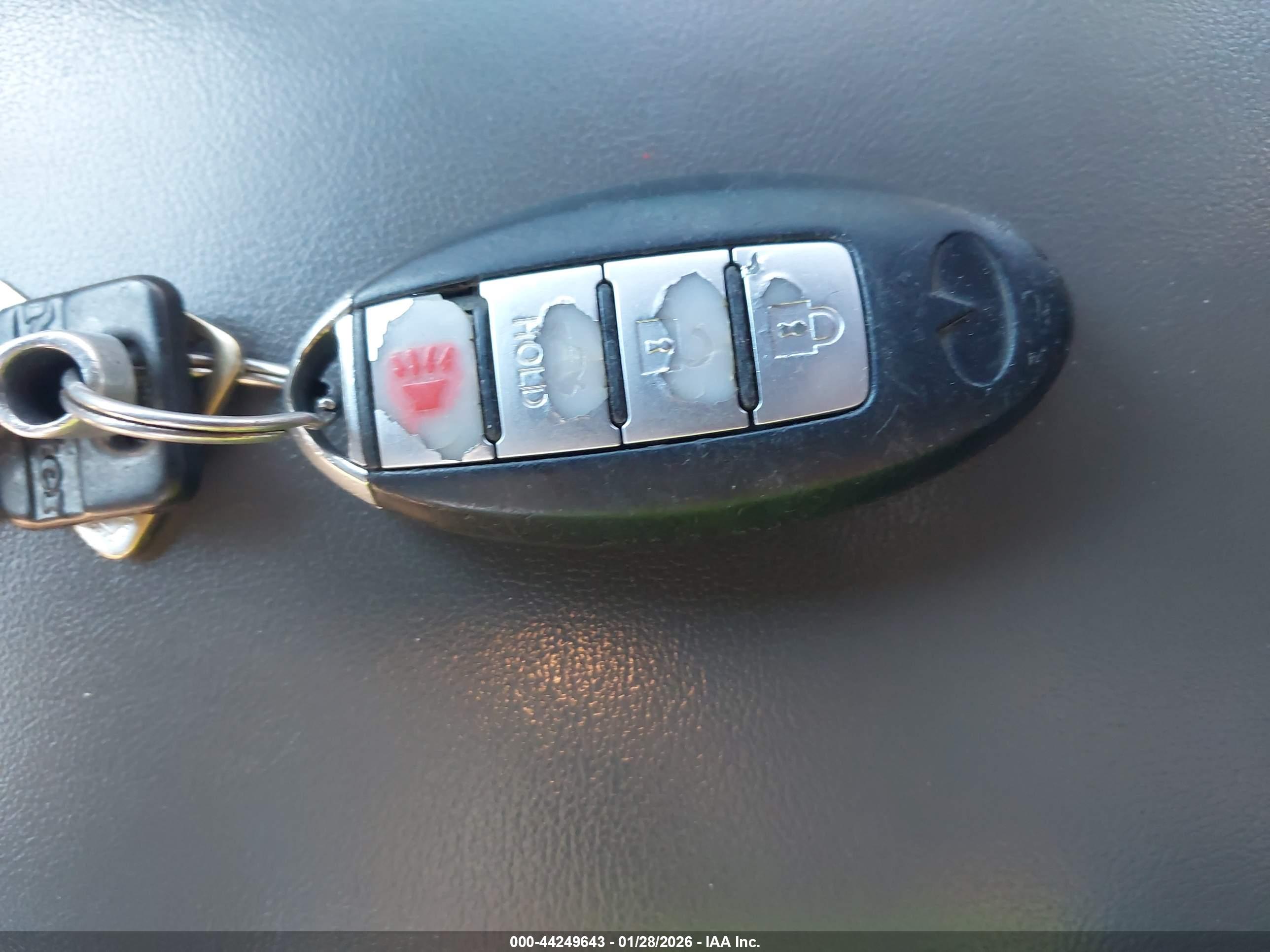 INFINITI G37 image 11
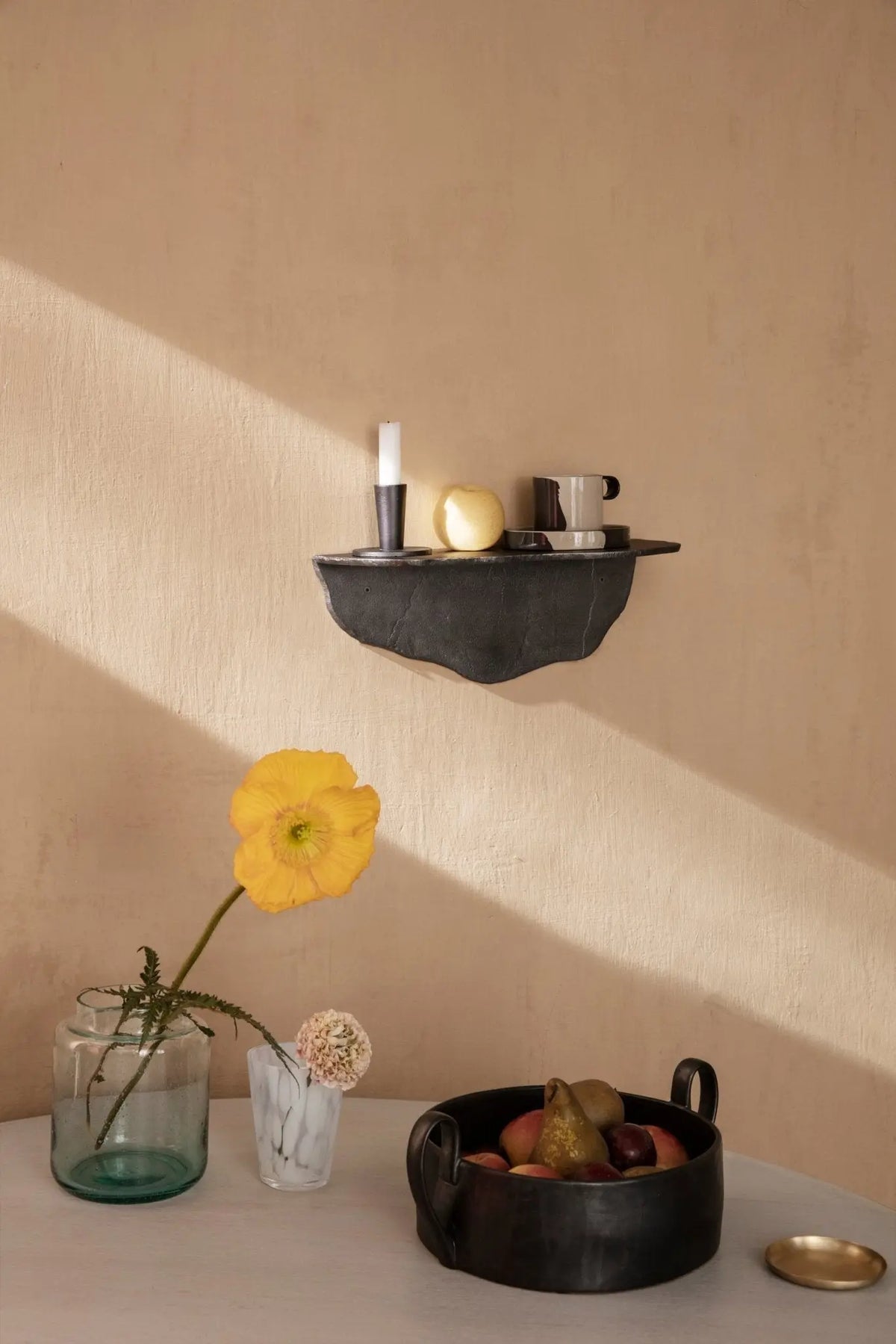 Ferm Living Flow Centrepiece tarjoiluastia musta - Laatukaluste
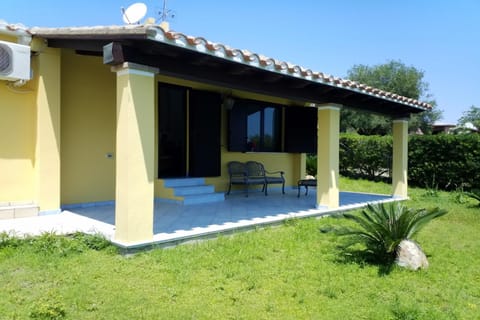 Property building, Patio, Facade/entrance, Spring, Garden, Garden view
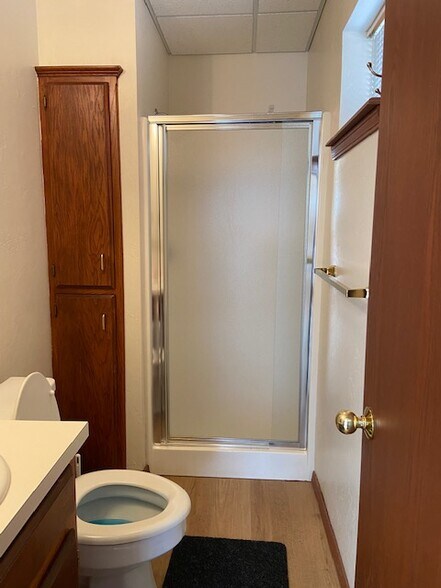 More Photos Of 910 S Bryant Ave, Edmond Medical For Sale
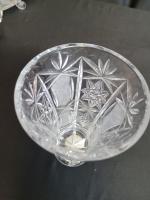 Lot en verre et cristal comprenant :
Coupe à fruits en verre...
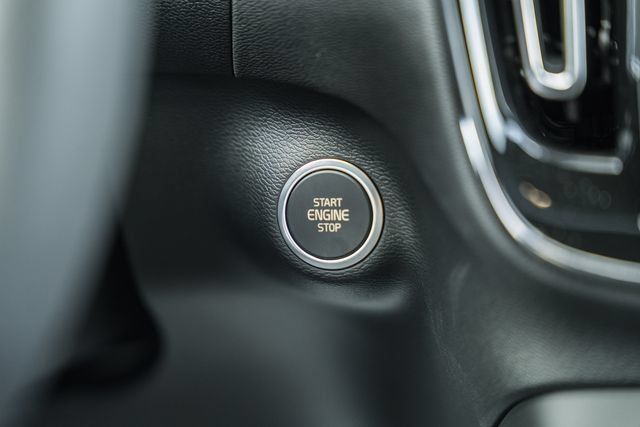 New 2026 Volvo XC40 B5 Ultra w/ Climate Package AWD/4WD image 28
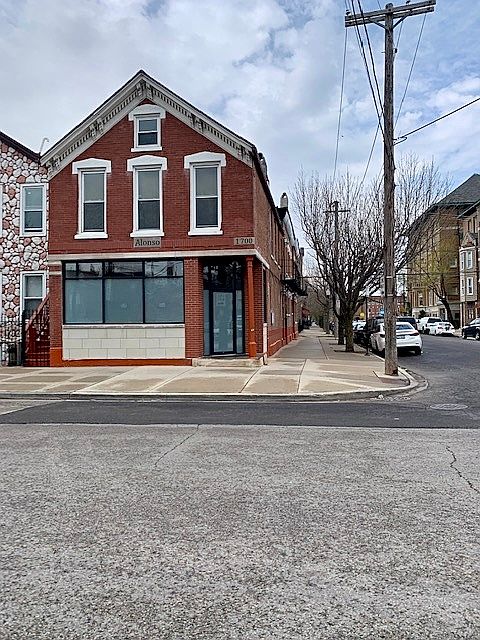 1st image of 1700 S Loomis St #1-R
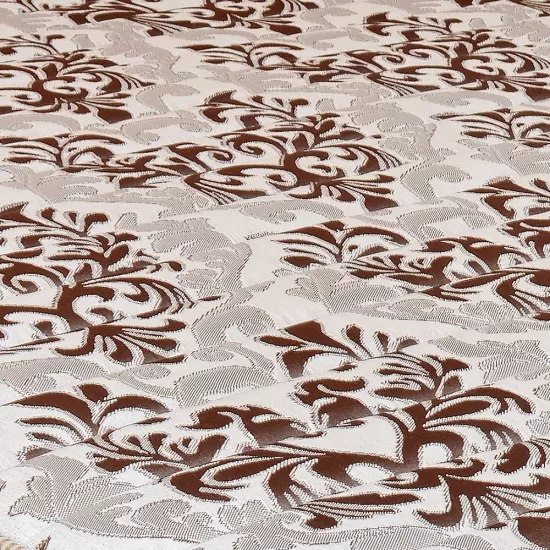 Colchão casal Ortho Essence em molas ensacadas individualmente com 34 cm altura largura de 138 cm Marrom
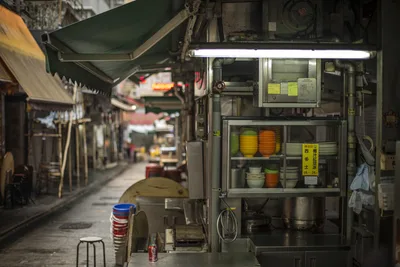 Hong Kong Street Food Stall with Display Case - free city & urban wallpaper 5760×3840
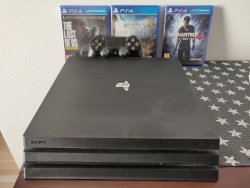 PS4 Pro.jpg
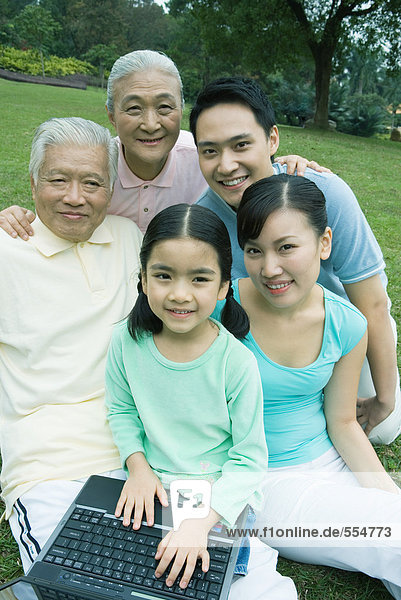 Drei Generationen Familie mit Laptop  Portrait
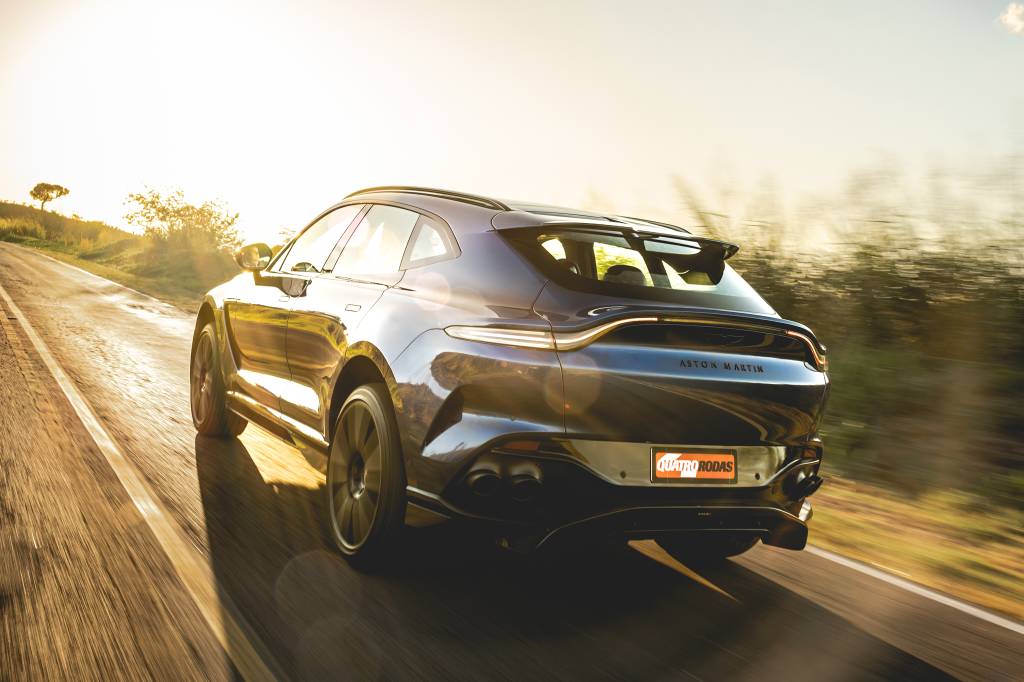 Aston Martin DBX707 2024 (6) Aston Martin DBX707 2024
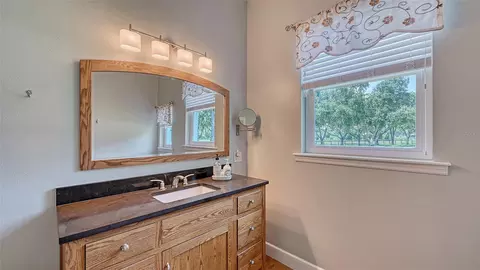 Bath - 6910 211th St E, Bradenton, FL 34211 photo 11 of 11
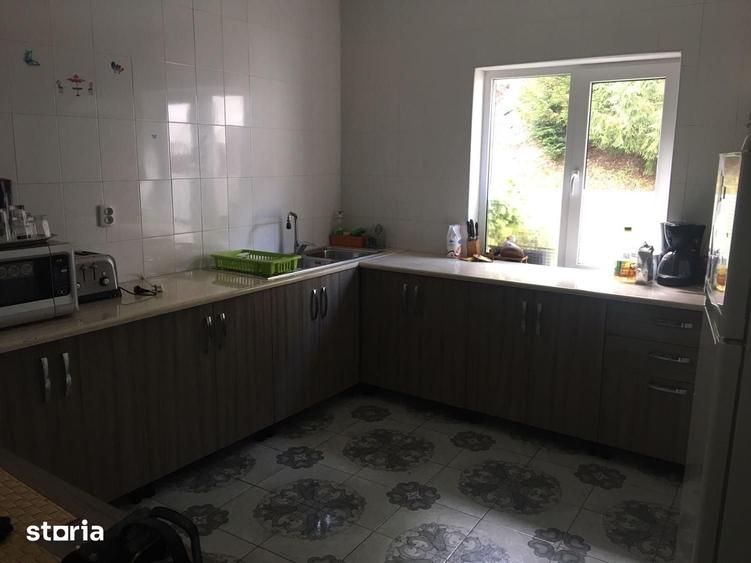 Casă cu 10 camere cu Teren 1100 Mp în Central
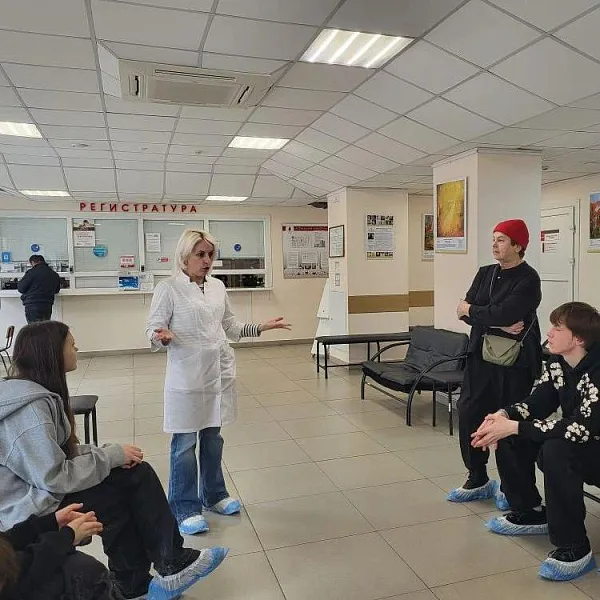 В&nbsp;Красноярском центре крови № 1&nbsp;провели экскурсию для&nbsp;школьников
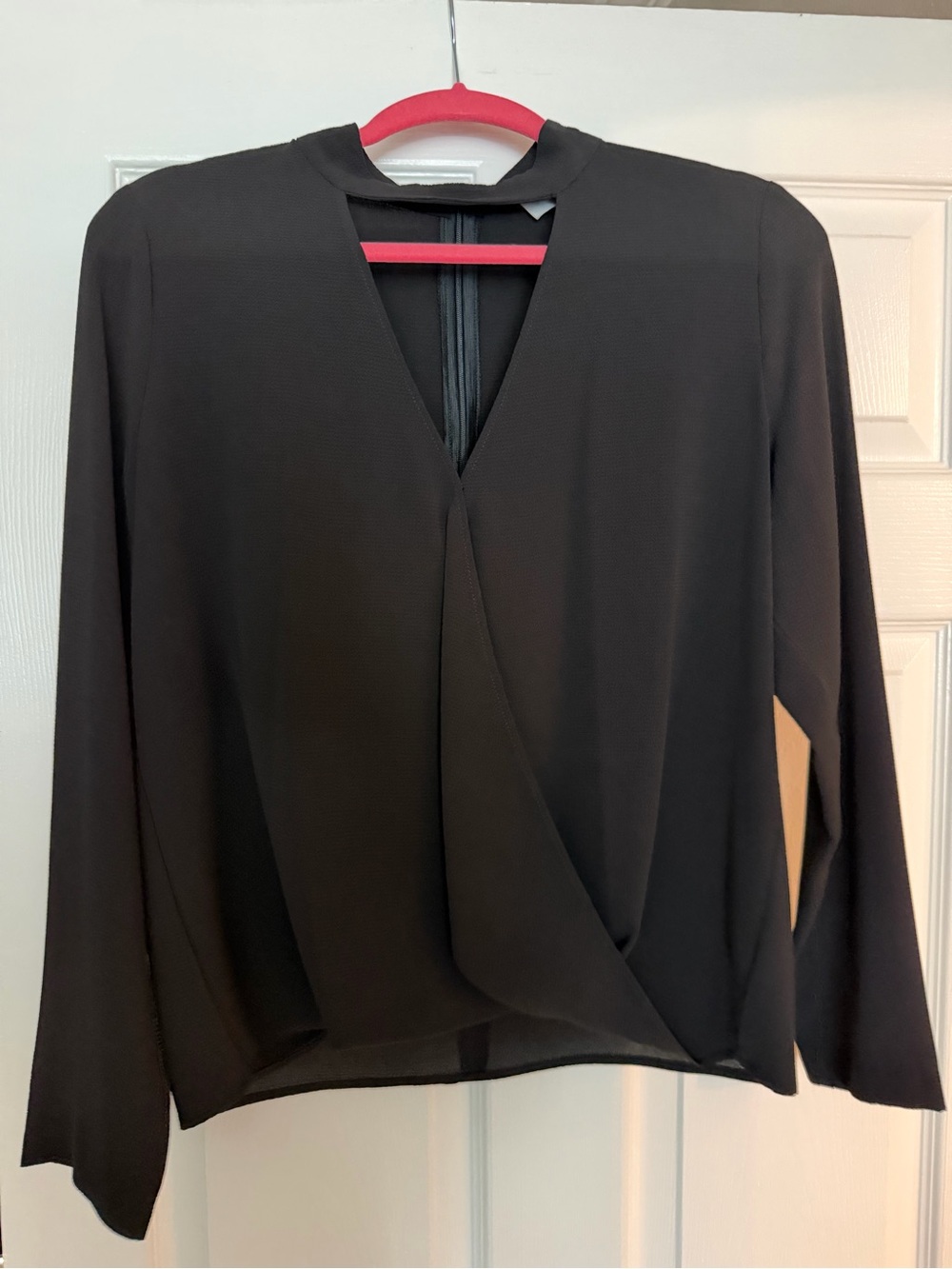 Wayf- Women’s Black Long-Sleeve Surplice Blouse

* [WHAT THE TASK ASKS]
Once the line containing "Casă cu 10 camere" is found in the records above, it and every line after it up to the last must be repeated exactly, without pictures.

* [EXERCISE OUTPUT]
 Casă cu 10 camere cu Teren 1100 Mp în Central
 В&nbsp;Красноярском центре крови № 1&nbsp;провели экскурсию для&nbsp;школьников
 Wayf- Women’s Black Long-Sleeve Surplice Blouse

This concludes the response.